The Wellesley Historical Society on Thursday night dusted off pieces from its space-challenged collection and let it breathe during a showing at a stately Wellesley Hills home.
Dozens of guests mingled, sipped wine and sparkly water, and chomped on light munchies while checking out the oldies but goodies and listening to WHS officials share their vision of bringing the non-profit society’s artifacts more into public view.
John Celi, president of the society, said one goal is to help more residents understand the role Wellesley played in the development of the United States itself. New Executive Director Bob Damon, formerly with the Old North Church in Boston, says the society is reaching out to the public for ideas about how to make its collection more accessible to residents old and especially young.

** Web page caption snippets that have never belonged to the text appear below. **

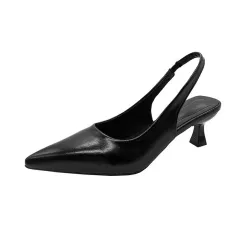 Women's Pointed Toe Mid Heel Elastic Sleeve High Heels - Black - View 1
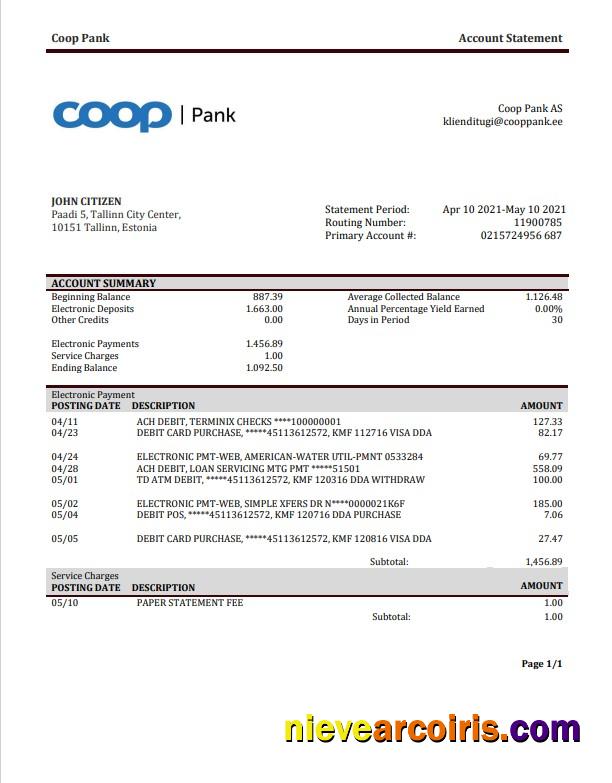 Professional Estonia Coop Pank Proof Of Address Bank Statement Template In Word And PDF Format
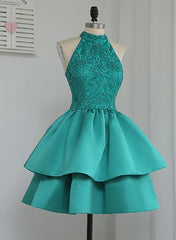 Formal Dresses For Weddings Mothers, Chic Green Satin and Lace Layers Homecoming Dress, New Homecoming Dress
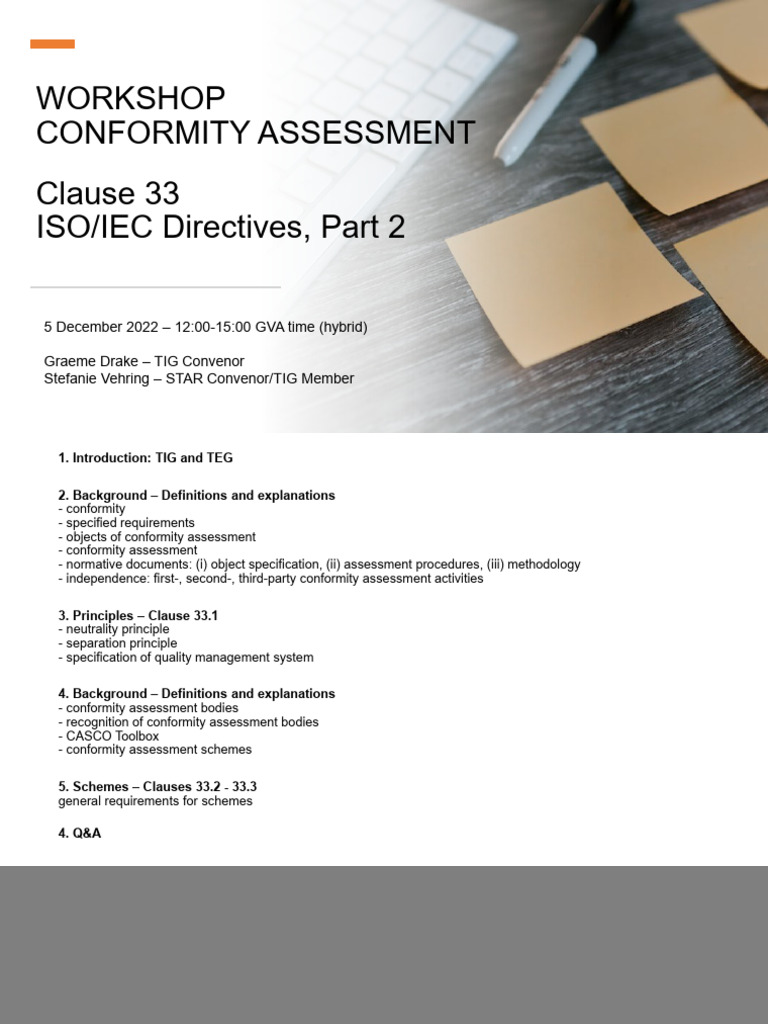 ISO-CASCO - Presentation From Workshop On The ISO IEC Directives, Part ...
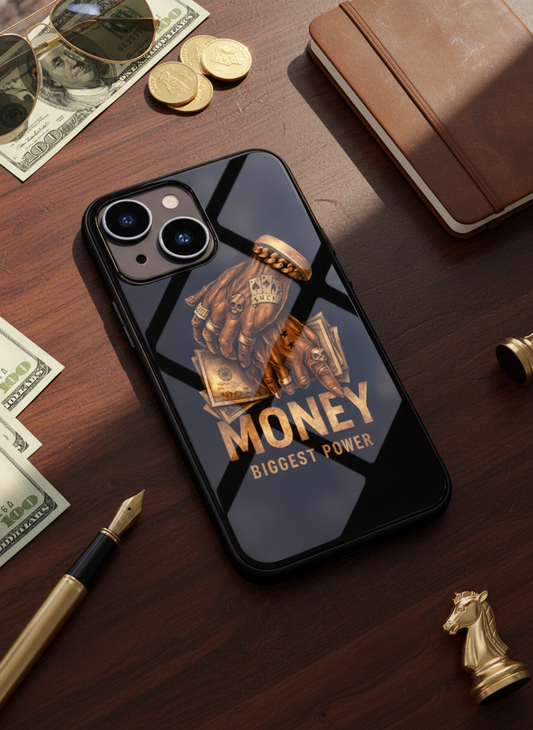 Cash Command Premium Glass Back Cover For iPhone 11-17 Models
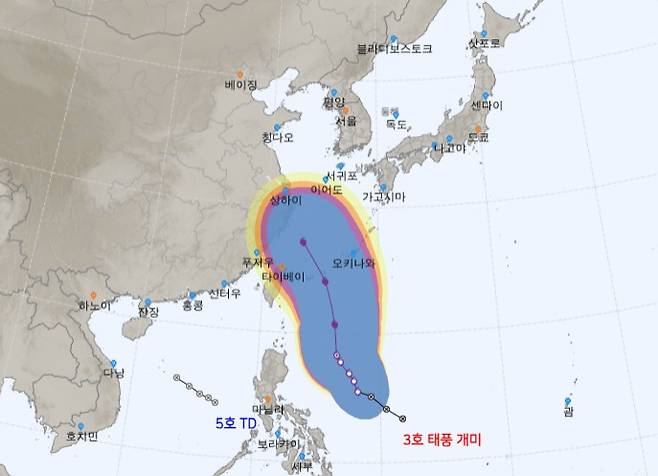 20일 오후 4시 30분 기상청이 발표한 제3호 태풍 개미의 예상 진로. (기상청 제공)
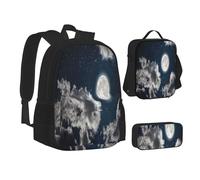 ASEELO Lot de 3 sacs à dos d'école, trousse à crayons, sac à déjeuner, combinaison d'éclaboussures de peinture, sac à dos pour filles et garçons, Night Sky Full Moon, School bag + pencil case + lunch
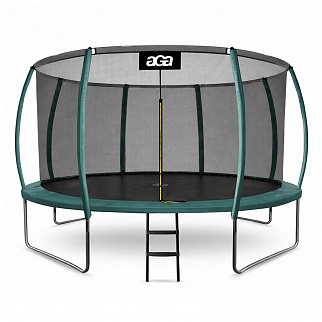 Aga SPORT EXCLUSIVE Trampolin 366 cm Temno zelena + zaščitna mreža + lestev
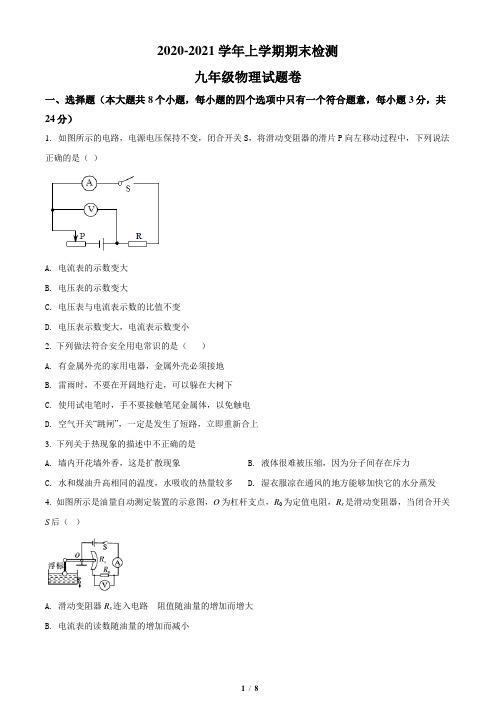 2020—2021学年九年级(上)期末检测物理试题
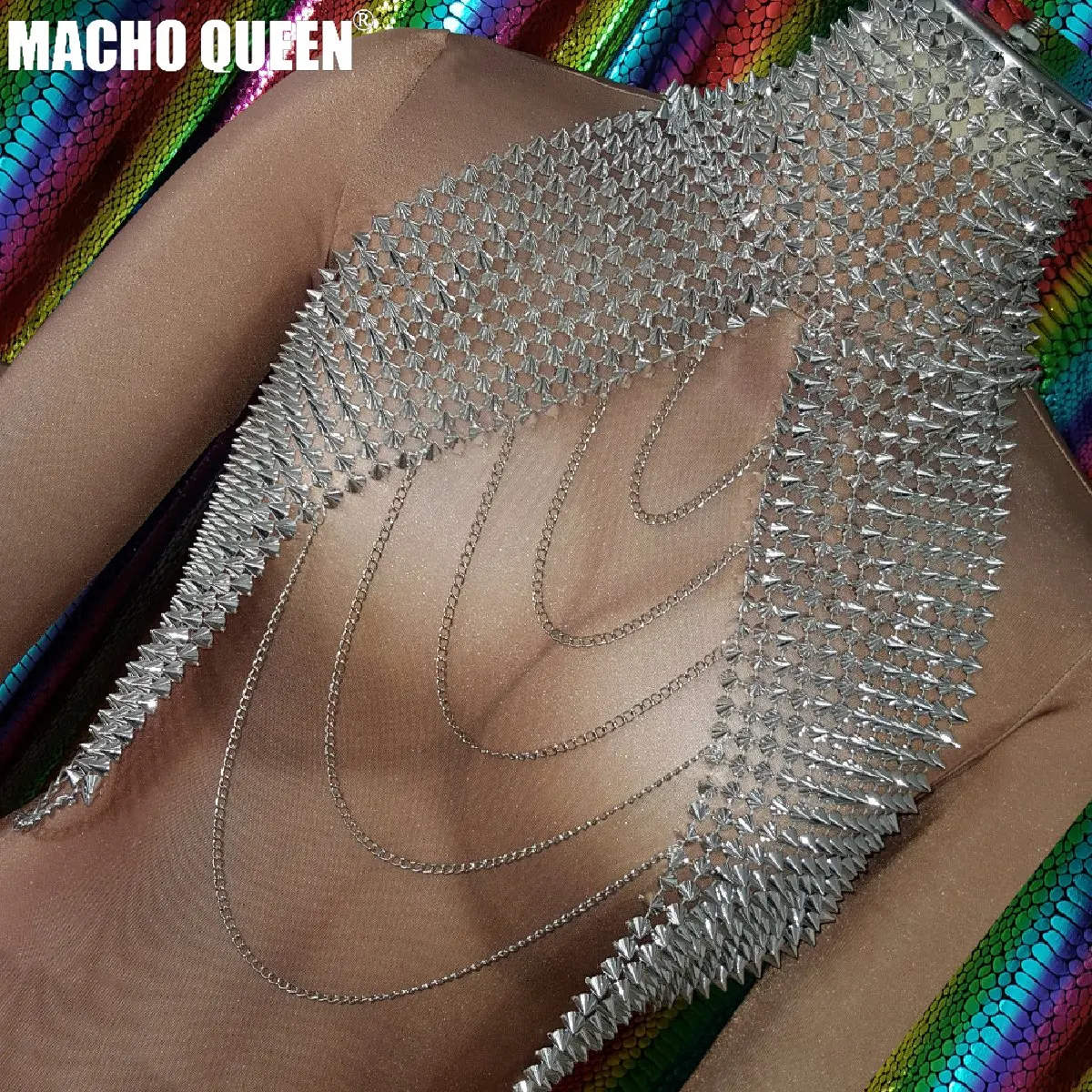 

Holographic Summer Musical Festival Rave Spike Crop Top Outtfits Gear Clothes Sexy Stage Dance Drag Queen Costumes Singer
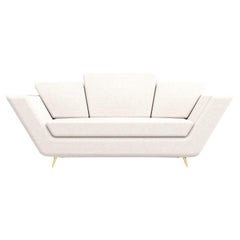 Divano Empire a 2 posti - Divano moderno Art Deco realizzato a mano con gambe in ottone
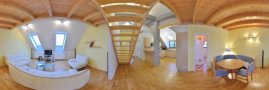 Podkrovní apartmá - obývací pokoj a kuchyň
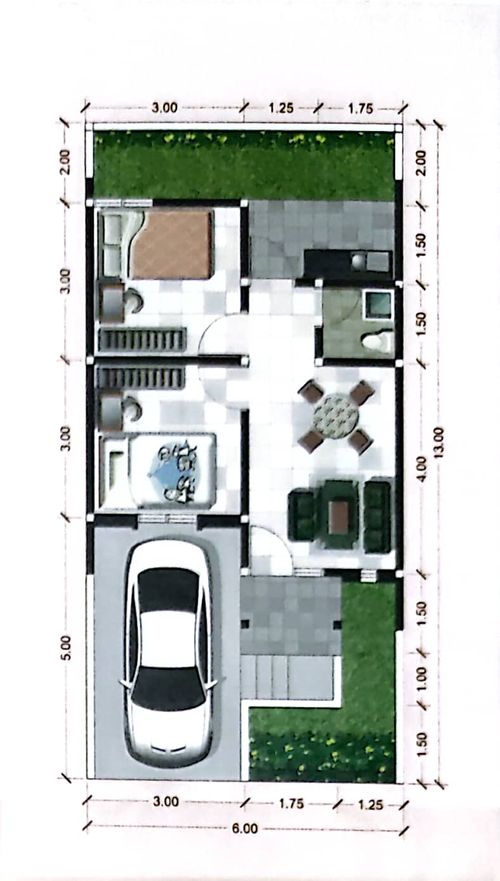 foto denah rumah tipe 40/78 C1-02 perumahan CLUSTER GRAND VALLEY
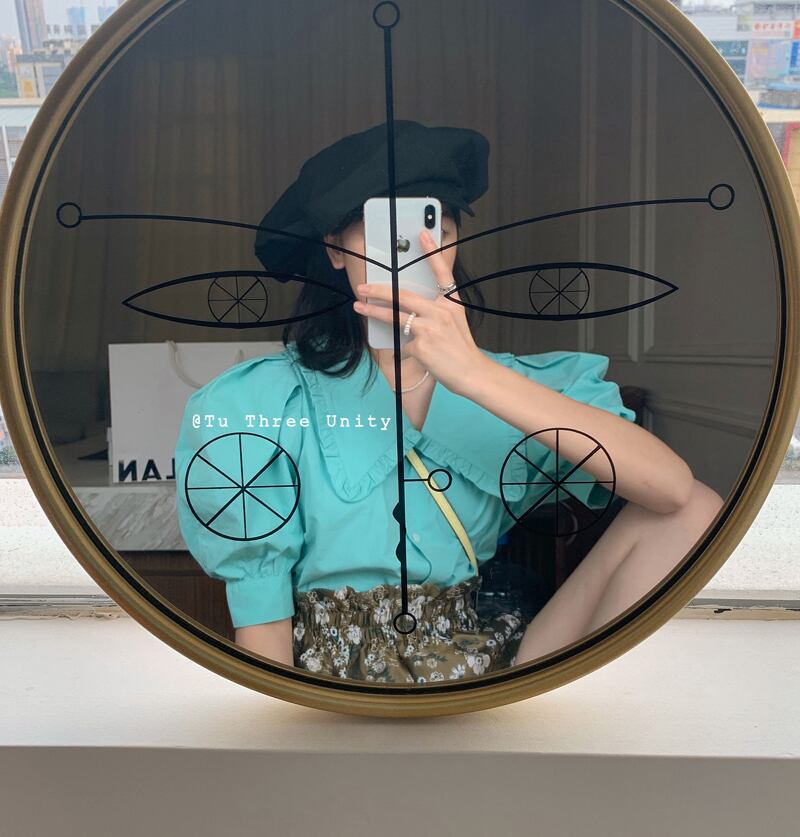 カラーレーススタンダードスリーブソリッド シャツ サマートップス レディース レトロ 夏物 ソリッドカラー ビッグFスモールZ韓国33296010047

The society, which started in 1925, is currently constrained from exposing many of its pieces at the relatively small Dadmun-McNamara House at 229 Washington St. Curator Kathleen Fahey, interns and others have been cataloguing the collection to figure out just what the society has on its hands.
Some of those items, including spectacular Denton butterflies and butterfly jewelry, a steampunky old magic lantern (think latter day PowerPoint projector, Fahey says), old maps and blueprints, a robe worn by famous Wellesleyite Katharine Lee Bates and a painting by Mary Brewster Hazelton, were on display at the party.
Next up: A program being held at the Wellesley Free Library on Sunday, Nov. 18 at 2pm about the history of Thanksgiving.